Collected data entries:
* * * *

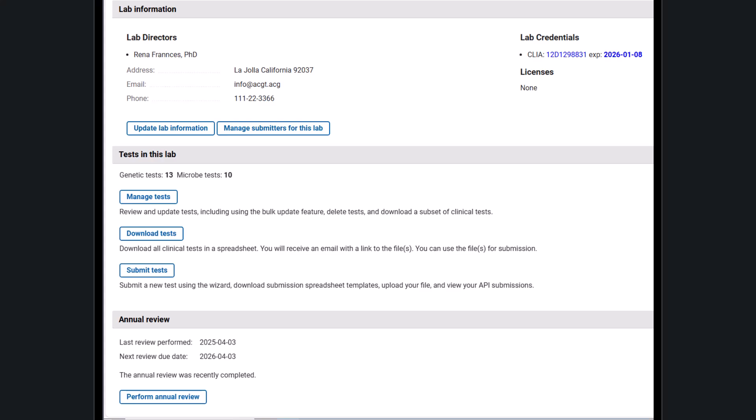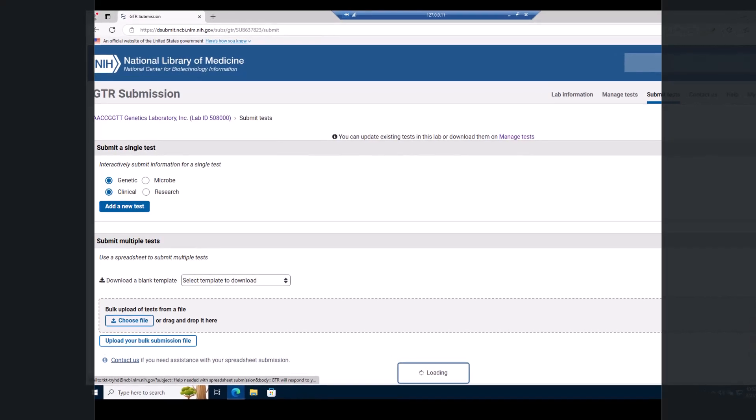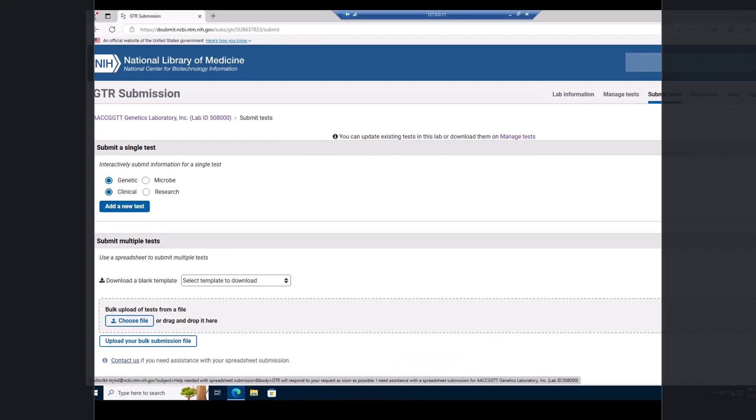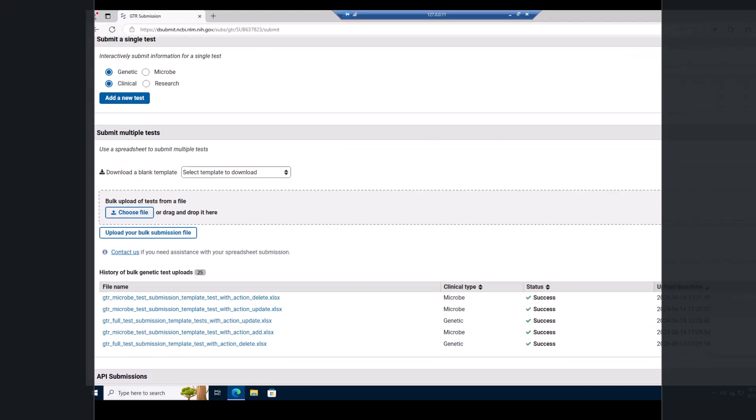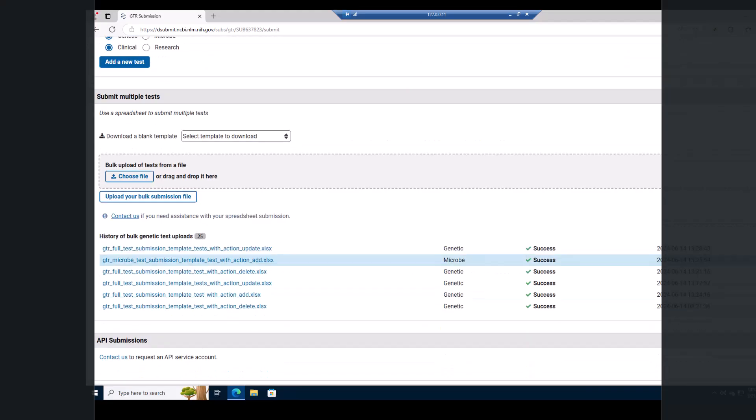On the GTR submission home page, click the download test button to download a spreadsheet with all the tests for your laboratory. You will receive an email with the link to the spreadsheet. Click the submit test button to go to the submissions page. Here, you can submit a new test using the submission wizard or download spreadsheet templates and submit your spreadsheet.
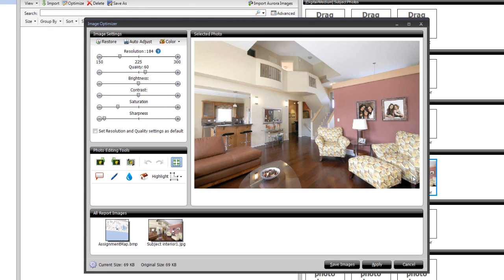On the left side, under the Photo Editing Tools section, click on the Add Blur icon.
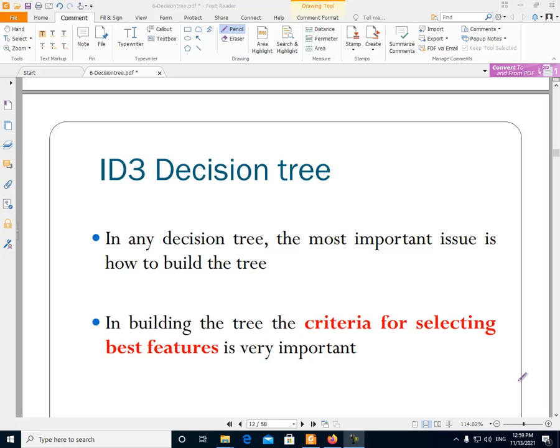In the previous video we talked about decision trees. We said that decision tree is a very important classifier that we could use for classifying nominal data. In the decision tree, the learning model is a tree — the learning model is the format of the relation between the inputs and output, so here we have a tree that represents the relation between the inputs and output.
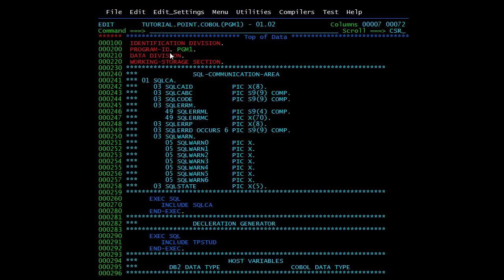This is the Identification Division, then we have the Data Division. In the Data Division we write our SQL Communication Area, the Declaration Generator, and all SQL-related statements. Only the executables come under the Procedure Division. Embedded SQL statements are pre-processed by the pre-compiler before the application program is compiled.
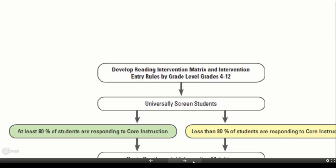Other additional questions regarding the environment, curriculum, instruction, and intensification of the intervention will need to be answered. When developing the intervention matrix, you might like to use the intervention matrix document found in the Moodle.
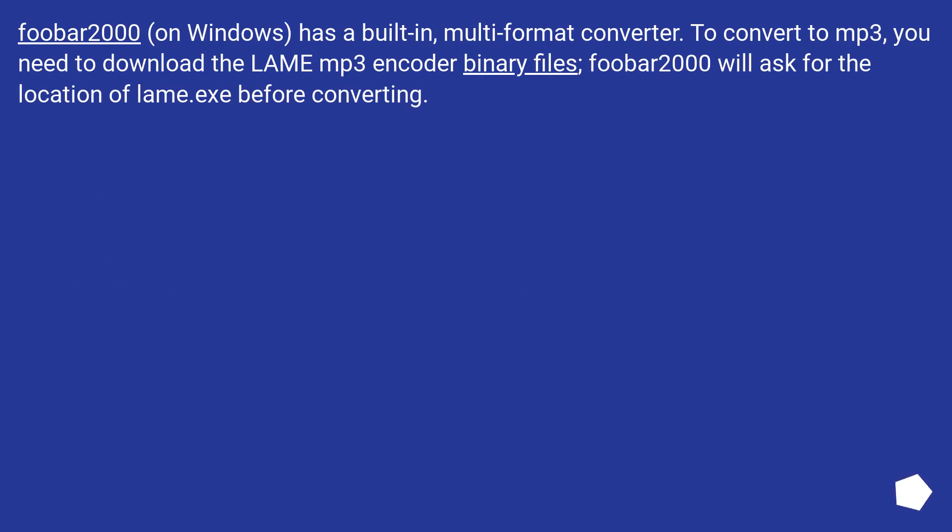Foobar2000 on Windows has a built-in multi-format converter. To convert to mp3, you need to download the LAME mp3 encoder binary files. Foobar2000 will ask for the location of lame.exe before converting.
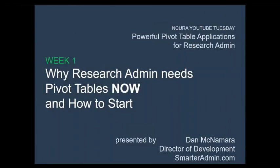Hello, and welcome to Ancura's YouTube Tuesday. Over the next five weeks, we are going to be talking about powerful pivot table applications for research administration, and this week, week one, we're going to be talking about why research admin needs pivot tables now and how you can get started.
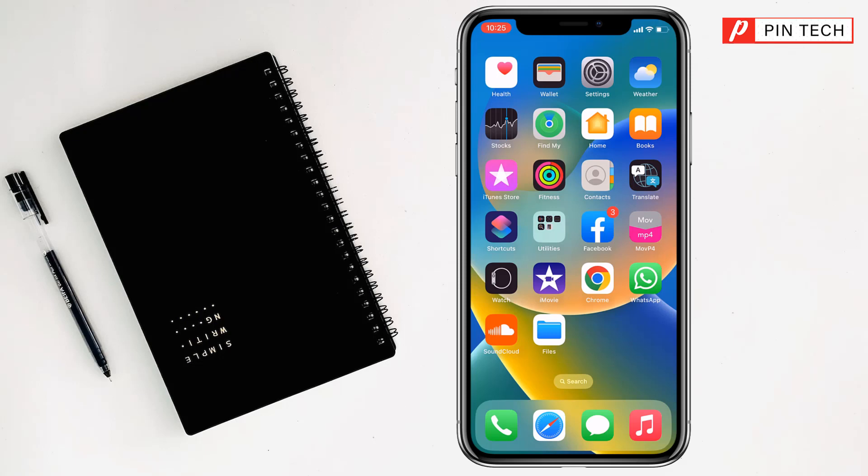Friends, today I'm going to show you how to change device name on iPhone or iPad. To change device name on iPhone or iPad, simply you have to go on Settings.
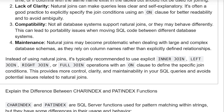Instead of using natural join, it is typically recommended to use explicit inner join, left join, right join, or full join operations with an ON clause to define the specific join condition. This provides more control, clarity, and maintainability in your SQL queries and avoids potential issues related to natural joins.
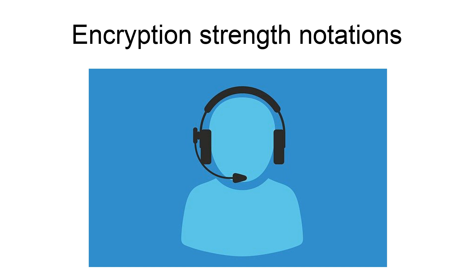U stands for USA, for the version with 128-bit encryption. I stands for international, the browser has 40-bit encryption and can be used anywhere in the world. And N stands, de facto, for none, no encryption.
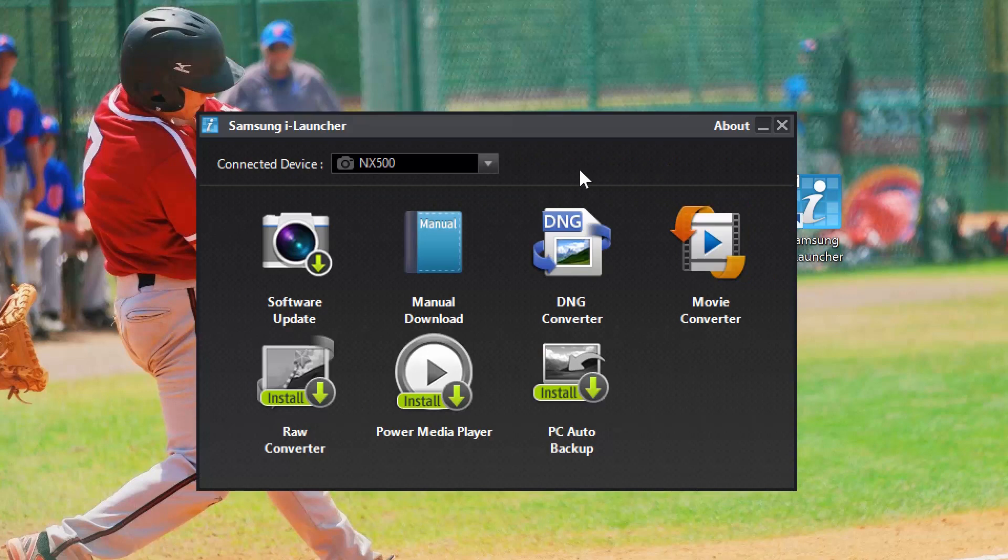Hey everyone, Anthony here with Samsung Digital Imaging. Today I'm going to show you how to update the firmware on your Samsung NX camera.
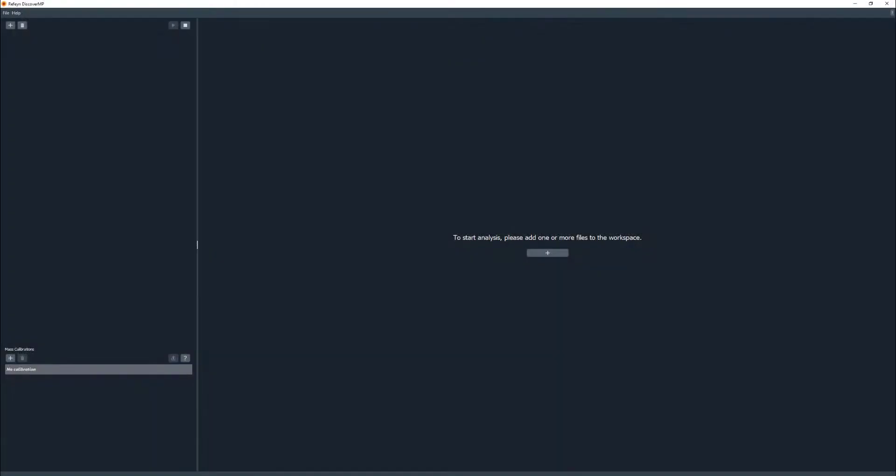Once Discover MP has opened, there are not many things that you can do until you have loaded the measurement file. You can open a new file by selecting the plus on the main panel or the top left panel, and then select the files you want to open.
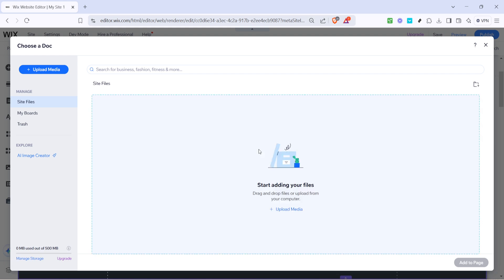Once you click the PowerPoint icon, you'll need to upload your presentation. Look for the upload media option. By clicking here, you'll open up a file picker allowing you to search your computer for the PowerPoint file you want to upload.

* * * *

YOUR TASK
In the data above, take the line with "Instead of using", the line with "Once Discover MP", and every line between, and set them down exactly without pictures.

RESULT
Instead of using natural join, it is typically recommended to use explicit inner join, left join, right join, or full join operations with an ON clause to define the specific join condition. This provides more control, clarity, and maintainability in your SQL queries and avoids potential issues related to natural joins.
U stands for USA, for the version with 128-bit encryption. I stands for international, the browser has 40-bit encryption and can be used anywhere in the world. And N stands, de facto, for none, no encryption.
Hey everyone, Anthony here with Samsung Digital Imaging. Today I'm going to show you how to update the firmware on your Samsung NX camera.
Once Discover MP has opened, there are not many things that you can do until you have loaded the measurement file. You can open a new file by selecting the plus on the main panel or the top left panel, and then select the files you want to open.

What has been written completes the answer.